# EXERCISE DATA:
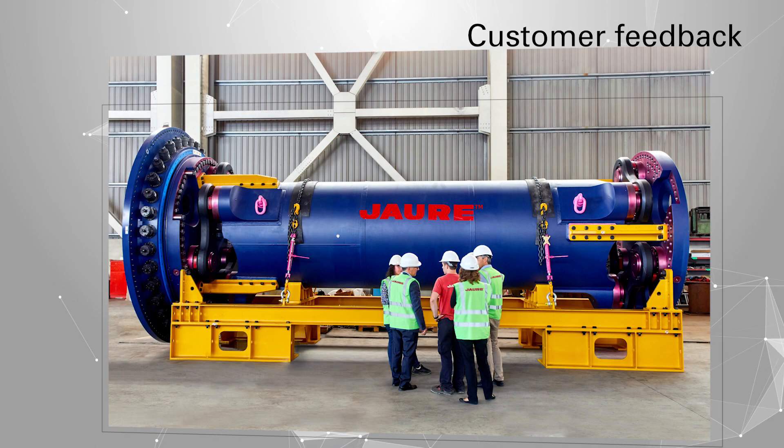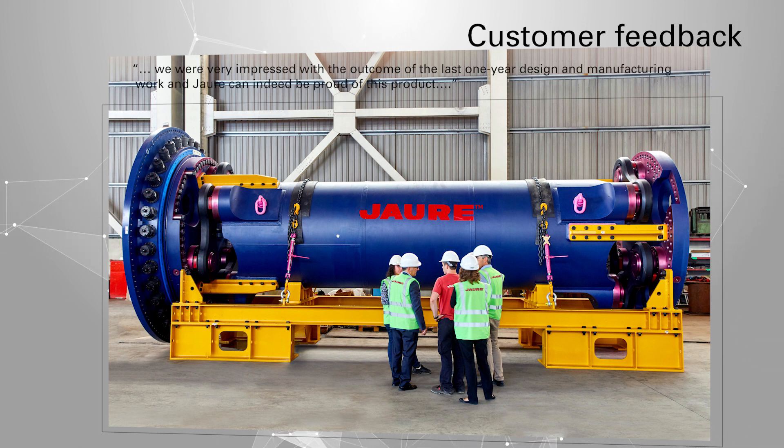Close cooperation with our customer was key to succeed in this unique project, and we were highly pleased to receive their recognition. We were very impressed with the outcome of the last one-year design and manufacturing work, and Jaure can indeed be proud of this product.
--
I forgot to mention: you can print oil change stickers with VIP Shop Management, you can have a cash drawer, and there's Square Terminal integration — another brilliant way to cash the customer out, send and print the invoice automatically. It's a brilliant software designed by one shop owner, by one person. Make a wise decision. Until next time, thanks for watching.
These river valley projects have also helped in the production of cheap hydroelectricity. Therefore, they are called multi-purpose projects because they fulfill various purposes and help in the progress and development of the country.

# EXERCISE INSTRUCTIONS:
Say, as a number only, how many lines of the data contain "have".

# RESULT OF THIS EXERCISE:
2